Le 27 novembre 2020, dans le cadre de la Proposition de Loi n°3470 visant à améliorer le système de santé par la confiance et la simplification, j’ai souhaité cosigner cet amendement présenté par ma collègue Caroline Janvier, députée du Loiret, dont l’objectif est d’officialiser la possibilité pour tout étudiant sage-femme, de faire des remplacements d’aide-soignant ou d’auxiliaire de puériculture pendant ses études. En effet, jusqu’à présent, les ARS ou les centres hospitaliers étaient libres de valider ou non une demande d’un étudiant en ce sens, ce qui a fait que pratiquement 1 étudiant sur 2 en a été empêché.
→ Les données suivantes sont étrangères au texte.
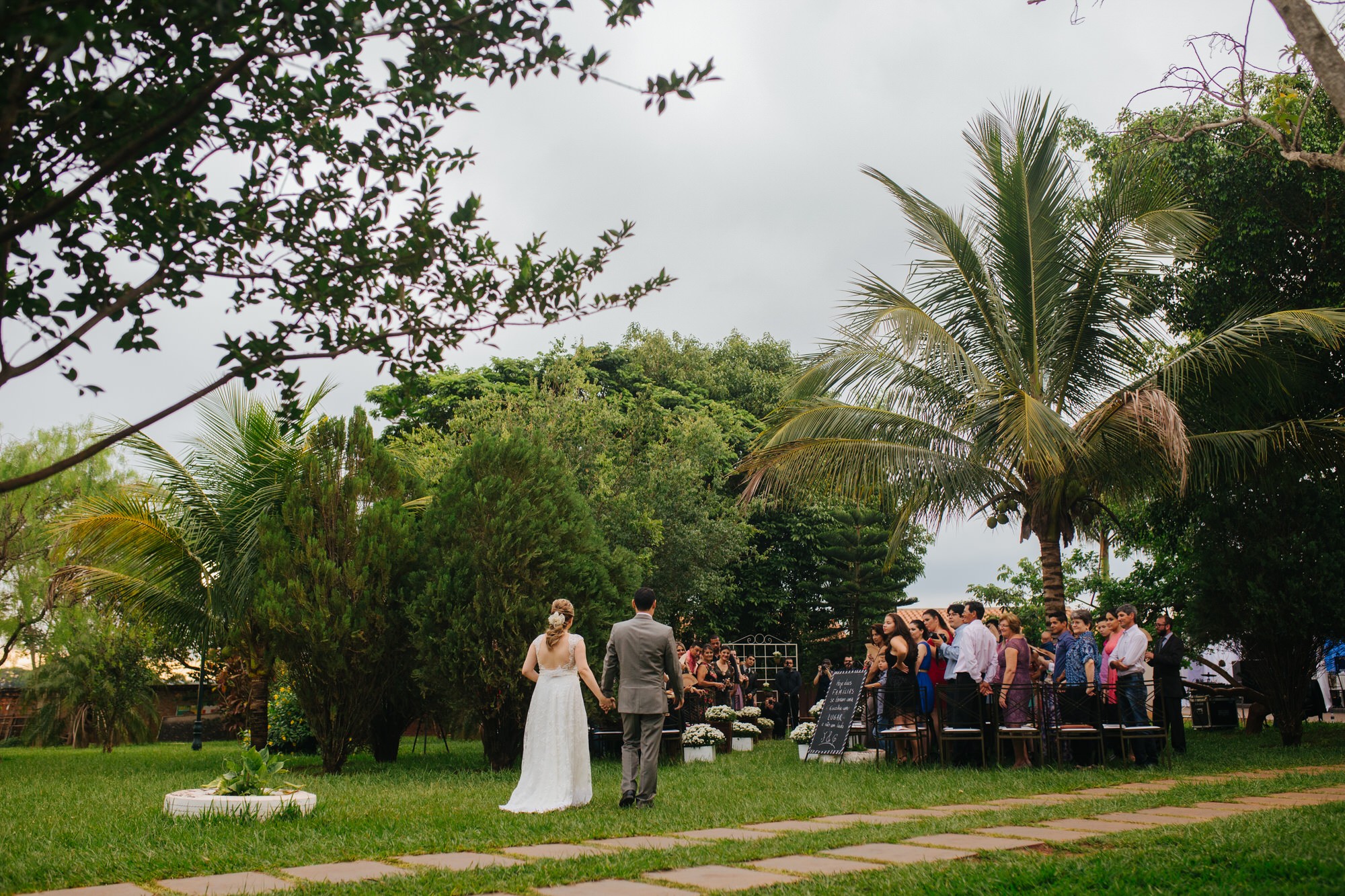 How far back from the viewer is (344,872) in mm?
5133

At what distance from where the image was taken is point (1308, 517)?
14.4 meters

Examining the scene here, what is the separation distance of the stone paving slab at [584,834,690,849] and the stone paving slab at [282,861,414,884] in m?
1.28

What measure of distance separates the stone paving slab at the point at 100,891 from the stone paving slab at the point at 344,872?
690 mm

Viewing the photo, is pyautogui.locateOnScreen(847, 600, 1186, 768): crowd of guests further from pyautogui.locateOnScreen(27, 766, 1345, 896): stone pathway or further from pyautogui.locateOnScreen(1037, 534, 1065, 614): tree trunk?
pyautogui.locateOnScreen(27, 766, 1345, 896): stone pathway

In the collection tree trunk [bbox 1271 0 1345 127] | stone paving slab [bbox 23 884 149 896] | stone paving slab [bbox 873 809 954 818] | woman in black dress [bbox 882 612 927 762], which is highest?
tree trunk [bbox 1271 0 1345 127]

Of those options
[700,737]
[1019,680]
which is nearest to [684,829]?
[1019,680]

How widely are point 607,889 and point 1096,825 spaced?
3565mm

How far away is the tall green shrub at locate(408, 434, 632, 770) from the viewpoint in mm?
12062

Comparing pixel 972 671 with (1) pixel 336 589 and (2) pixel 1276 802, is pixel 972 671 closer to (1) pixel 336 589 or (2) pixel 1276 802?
(2) pixel 1276 802

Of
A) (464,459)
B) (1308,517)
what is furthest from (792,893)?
(1308,517)

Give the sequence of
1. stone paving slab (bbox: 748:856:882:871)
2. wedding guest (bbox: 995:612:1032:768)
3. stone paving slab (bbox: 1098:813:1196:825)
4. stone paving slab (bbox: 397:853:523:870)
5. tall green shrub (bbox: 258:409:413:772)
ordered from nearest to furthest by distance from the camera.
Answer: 1. stone paving slab (bbox: 748:856:882:871)
2. stone paving slab (bbox: 397:853:523:870)
3. stone paving slab (bbox: 1098:813:1196:825)
4. wedding guest (bbox: 995:612:1032:768)
5. tall green shrub (bbox: 258:409:413:772)

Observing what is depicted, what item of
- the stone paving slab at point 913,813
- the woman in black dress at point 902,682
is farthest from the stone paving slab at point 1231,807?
the woman in black dress at point 902,682

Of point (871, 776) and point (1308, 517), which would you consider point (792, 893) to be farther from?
point (1308, 517)

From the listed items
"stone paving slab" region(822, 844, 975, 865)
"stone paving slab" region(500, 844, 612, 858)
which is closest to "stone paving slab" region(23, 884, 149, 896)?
"stone paving slab" region(500, 844, 612, 858) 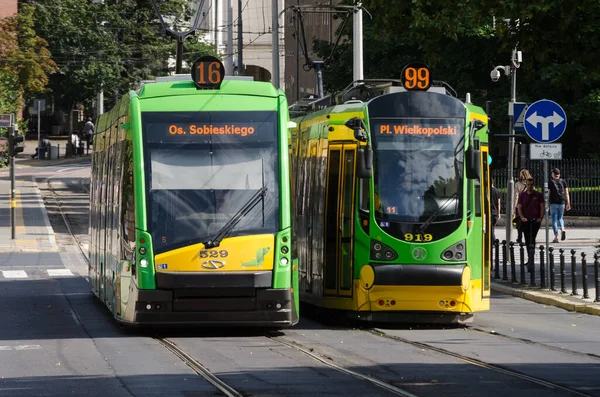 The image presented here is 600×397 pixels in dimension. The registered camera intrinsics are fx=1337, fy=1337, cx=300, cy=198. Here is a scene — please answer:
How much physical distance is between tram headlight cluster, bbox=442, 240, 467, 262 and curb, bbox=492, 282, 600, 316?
134 inches

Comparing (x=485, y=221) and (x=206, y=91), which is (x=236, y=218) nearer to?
(x=206, y=91)

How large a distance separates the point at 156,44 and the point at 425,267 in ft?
208

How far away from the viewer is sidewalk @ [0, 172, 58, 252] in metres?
37.0

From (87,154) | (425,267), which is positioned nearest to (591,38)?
(425,267)

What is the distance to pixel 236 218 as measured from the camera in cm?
1525

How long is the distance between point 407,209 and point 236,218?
7.89 ft

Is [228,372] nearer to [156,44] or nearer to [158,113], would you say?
[158,113]

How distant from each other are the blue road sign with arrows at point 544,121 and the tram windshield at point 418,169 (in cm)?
545

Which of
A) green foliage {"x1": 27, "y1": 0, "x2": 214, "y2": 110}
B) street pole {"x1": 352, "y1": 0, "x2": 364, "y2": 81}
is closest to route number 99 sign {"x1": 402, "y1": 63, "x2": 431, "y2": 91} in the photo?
street pole {"x1": 352, "y1": 0, "x2": 364, "y2": 81}

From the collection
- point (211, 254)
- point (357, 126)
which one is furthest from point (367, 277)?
point (211, 254)

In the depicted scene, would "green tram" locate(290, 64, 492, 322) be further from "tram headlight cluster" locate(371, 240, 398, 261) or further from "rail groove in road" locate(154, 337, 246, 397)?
"rail groove in road" locate(154, 337, 246, 397)

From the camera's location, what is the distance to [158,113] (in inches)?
615

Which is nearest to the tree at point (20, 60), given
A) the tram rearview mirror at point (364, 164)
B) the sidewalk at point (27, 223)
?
the sidewalk at point (27, 223)

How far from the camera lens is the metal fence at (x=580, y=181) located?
41.2m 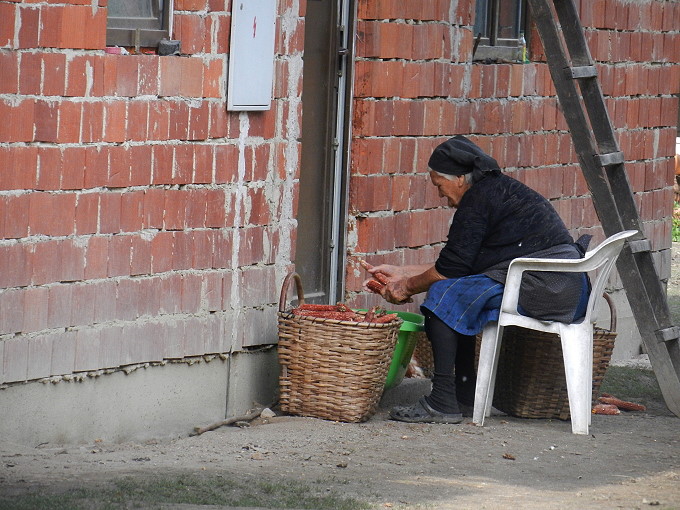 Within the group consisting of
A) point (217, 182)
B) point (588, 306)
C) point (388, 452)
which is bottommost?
point (388, 452)

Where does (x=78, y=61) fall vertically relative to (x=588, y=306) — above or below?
above

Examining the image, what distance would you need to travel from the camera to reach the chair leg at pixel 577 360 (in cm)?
669

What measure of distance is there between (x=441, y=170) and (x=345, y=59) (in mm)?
948

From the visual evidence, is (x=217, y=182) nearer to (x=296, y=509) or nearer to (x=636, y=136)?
(x=296, y=509)

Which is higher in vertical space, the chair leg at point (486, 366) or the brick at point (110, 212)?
the brick at point (110, 212)

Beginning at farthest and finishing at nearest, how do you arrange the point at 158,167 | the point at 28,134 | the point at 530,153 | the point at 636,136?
the point at 636,136 → the point at 530,153 → the point at 158,167 → the point at 28,134

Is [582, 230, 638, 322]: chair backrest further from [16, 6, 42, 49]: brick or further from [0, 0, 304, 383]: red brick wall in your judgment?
[16, 6, 42, 49]: brick

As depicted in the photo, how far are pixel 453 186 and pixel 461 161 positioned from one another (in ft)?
0.50

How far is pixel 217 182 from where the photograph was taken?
6.42 meters

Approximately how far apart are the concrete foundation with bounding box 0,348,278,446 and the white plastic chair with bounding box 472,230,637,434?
44.4 inches

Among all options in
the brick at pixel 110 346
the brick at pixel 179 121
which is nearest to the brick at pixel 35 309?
the brick at pixel 110 346

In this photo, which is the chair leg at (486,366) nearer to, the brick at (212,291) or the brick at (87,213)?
the brick at (212,291)

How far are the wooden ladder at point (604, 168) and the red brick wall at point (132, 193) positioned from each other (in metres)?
1.50

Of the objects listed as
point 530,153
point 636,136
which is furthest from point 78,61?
point 636,136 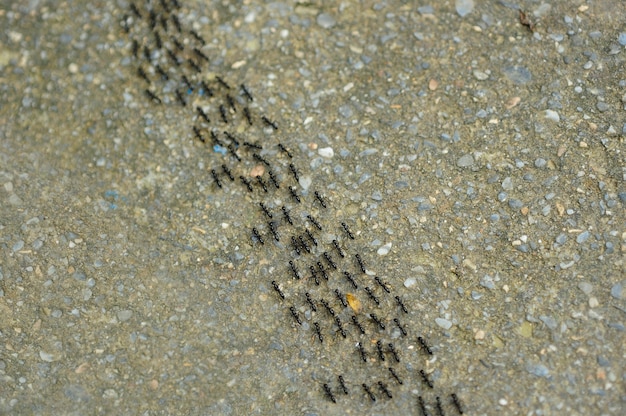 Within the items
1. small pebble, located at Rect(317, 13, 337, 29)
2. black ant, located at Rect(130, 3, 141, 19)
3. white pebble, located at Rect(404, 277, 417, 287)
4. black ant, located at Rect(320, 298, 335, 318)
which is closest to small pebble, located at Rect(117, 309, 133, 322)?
black ant, located at Rect(320, 298, 335, 318)

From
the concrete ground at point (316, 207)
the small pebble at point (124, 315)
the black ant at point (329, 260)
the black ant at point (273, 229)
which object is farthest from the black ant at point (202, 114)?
the small pebble at point (124, 315)

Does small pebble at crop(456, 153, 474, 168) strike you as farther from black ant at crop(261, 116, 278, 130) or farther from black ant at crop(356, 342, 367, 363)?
black ant at crop(356, 342, 367, 363)

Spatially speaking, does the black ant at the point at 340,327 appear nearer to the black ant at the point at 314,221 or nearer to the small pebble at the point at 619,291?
the black ant at the point at 314,221

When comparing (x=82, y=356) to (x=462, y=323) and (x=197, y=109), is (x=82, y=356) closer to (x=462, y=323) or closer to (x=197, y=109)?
(x=197, y=109)

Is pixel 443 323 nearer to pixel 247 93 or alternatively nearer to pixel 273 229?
pixel 273 229

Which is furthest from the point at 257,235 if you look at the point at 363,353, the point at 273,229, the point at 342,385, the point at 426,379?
the point at 426,379

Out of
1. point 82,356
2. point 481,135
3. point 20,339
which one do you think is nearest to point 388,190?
point 481,135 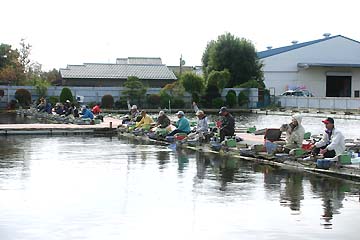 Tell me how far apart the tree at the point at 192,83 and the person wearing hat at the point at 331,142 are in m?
43.5

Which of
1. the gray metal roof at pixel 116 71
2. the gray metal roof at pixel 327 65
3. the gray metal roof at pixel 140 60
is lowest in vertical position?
the gray metal roof at pixel 116 71

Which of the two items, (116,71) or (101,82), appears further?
(116,71)

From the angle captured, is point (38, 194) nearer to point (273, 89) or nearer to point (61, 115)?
point (61, 115)

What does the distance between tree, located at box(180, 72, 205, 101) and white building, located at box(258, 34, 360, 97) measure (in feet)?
42.7

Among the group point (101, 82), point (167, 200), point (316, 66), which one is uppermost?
point (316, 66)

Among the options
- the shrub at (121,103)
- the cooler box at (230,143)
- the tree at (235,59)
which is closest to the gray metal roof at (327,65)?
the tree at (235,59)

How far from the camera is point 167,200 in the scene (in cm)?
1234

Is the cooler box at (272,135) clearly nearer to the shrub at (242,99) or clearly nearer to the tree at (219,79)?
the tree at (219,79)

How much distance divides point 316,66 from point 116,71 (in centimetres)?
2034

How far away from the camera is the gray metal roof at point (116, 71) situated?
231 feet

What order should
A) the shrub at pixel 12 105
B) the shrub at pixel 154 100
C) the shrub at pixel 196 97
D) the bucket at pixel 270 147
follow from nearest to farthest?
1. the bucket at pixel 270 147
2. the shrub at pixel 12 105
3. the shrub at pixel 154 100
4. the shrub at pixel 196 97

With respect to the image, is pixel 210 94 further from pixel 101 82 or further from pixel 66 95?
pixel 101 82

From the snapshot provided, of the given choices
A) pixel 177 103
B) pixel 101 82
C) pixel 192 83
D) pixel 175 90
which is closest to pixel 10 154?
pixel 177 103

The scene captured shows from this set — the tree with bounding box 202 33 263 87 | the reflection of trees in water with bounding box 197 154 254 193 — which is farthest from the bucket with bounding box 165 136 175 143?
the tree with bounding box 202 33 263 87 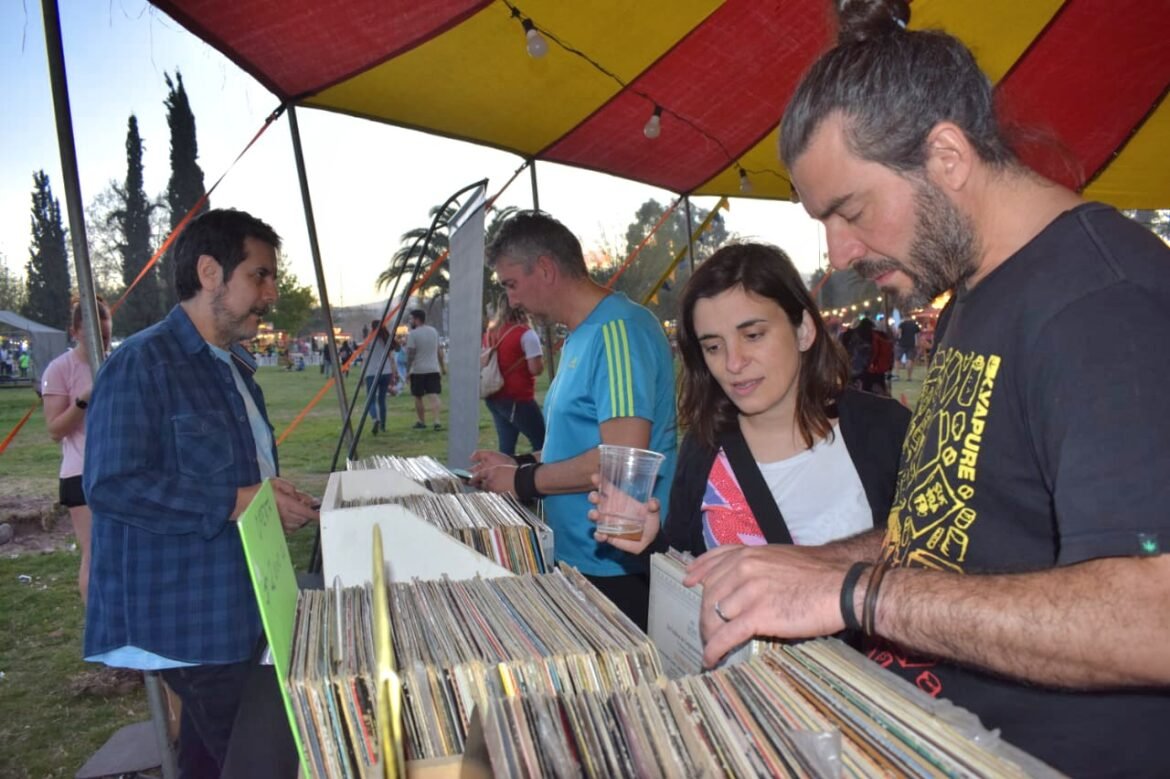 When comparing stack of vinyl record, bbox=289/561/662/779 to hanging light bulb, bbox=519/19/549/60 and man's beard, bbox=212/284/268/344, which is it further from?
hanging light bulb, bbox=519/19/549/60

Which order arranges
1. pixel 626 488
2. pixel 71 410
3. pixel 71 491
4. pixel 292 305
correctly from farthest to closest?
pixel 292 305 → pixel 71 491 → pixel 71 410 → pixel 626 488

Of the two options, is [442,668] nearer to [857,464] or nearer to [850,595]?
[850,595]

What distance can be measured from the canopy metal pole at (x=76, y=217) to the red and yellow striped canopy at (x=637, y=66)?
76cm

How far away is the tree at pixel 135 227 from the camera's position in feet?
114

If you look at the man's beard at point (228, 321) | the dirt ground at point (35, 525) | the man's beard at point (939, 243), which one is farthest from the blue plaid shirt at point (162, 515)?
the dirt ground at point (35, 525)

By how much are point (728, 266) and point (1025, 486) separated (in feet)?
3.82

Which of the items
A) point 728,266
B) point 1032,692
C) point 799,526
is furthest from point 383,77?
point 1032,692

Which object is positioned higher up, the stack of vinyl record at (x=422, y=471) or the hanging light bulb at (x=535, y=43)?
the hanging light bulb at (x=535, y=43)

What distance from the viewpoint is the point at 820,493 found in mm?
1837

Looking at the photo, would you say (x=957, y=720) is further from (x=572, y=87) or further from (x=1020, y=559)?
(x=572, y=87)

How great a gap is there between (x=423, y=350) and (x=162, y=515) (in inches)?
421

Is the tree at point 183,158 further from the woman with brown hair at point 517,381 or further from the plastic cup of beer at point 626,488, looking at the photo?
the plastic cup of beer at point 626,488

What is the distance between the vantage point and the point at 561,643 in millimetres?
993

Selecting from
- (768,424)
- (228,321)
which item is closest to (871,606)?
(768,424) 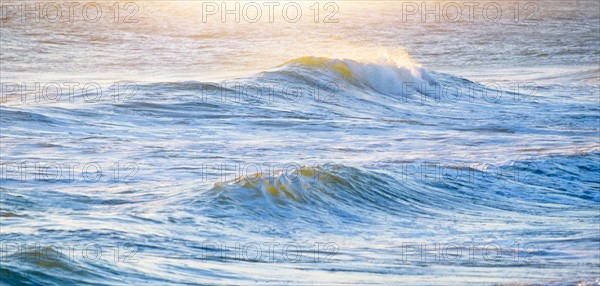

En voici le texte intégral :

ARTICLE ADDITIONNEL :

APRÈS L’ARTICLE 2, insérer l’article suivant :
«Le code de la santé publique est ainsi modifié :
Après l’article L. 4151-6 est inséré un article L.4151-6-1 ainsi rédigé : « Les étudiants sages-femmes effectuant leur formation en France peuvent être autorisés à exercer la profession d’aide-soignant et d’auxiliaire de puériculture. Un décret, pris après avis du Conseil national de l’ordre des sages-femmes, fixe les conditions d’application du présent article, notamment le niveau d’études exigé, la durée maximale des autorisations et les conditions de leur prorogation. » »
EXPOSÉ SOMMAIRE :
Le présent amendement a pour objectif de rendre possible pour les étudiants sages-femmes de faire des remplacements en tant qu’aide-soignant dès leur deuxième année et d’auxiliaire de puériculture dès leur troisième année. La présence des étudiants sages-femmes en tant qu’auxiliaires de puériculture ou d’aides-soignants en service de gynécologie-obstétrique ou de pédiatrie est devenue importante au bon fonctionnement de certains services et établissements lors de la crise sanitaire ou des congés estivaux.
L’autorisation ou l’interdiction de ces remplacements font aujourd’hui l’objet d’un vide juridique. L’arrêté du 16 janvier 2006 relatif à la formation conduisant au diplôme d’Etat d’auxiliaire de puériculture autorise la délivrance du DE d’auxiliaire de puériculture sur demande aux étudiants sages-femmes qui ont suivi leurs études dans le cadre du programme défini par l’arrêté du 11 décembre 2001. Or cet arrête qui cadre les études est caduque. Le seul moyen pour les étudiants sages-femmes d’effectuer ces remplacements dépend de la volonté des Agences régionales de santé (ARS) et des Centres hospitaliers.
Un recensement effectué par l’association nationale des étudiants sages-femmes auprès de ses administrateurs et sur les 32 écoles métropolitaines répondantes, a estimé à 53,1 % le taux d’étudiants non autorisés à effectuer ces remplacements. La non reconnaissance officielle de cette équivalence entraîne un risque à la fois en termes de dépassement de compétences, de rémunérations illégales et enfin pour la responsabilité civile des étudiants.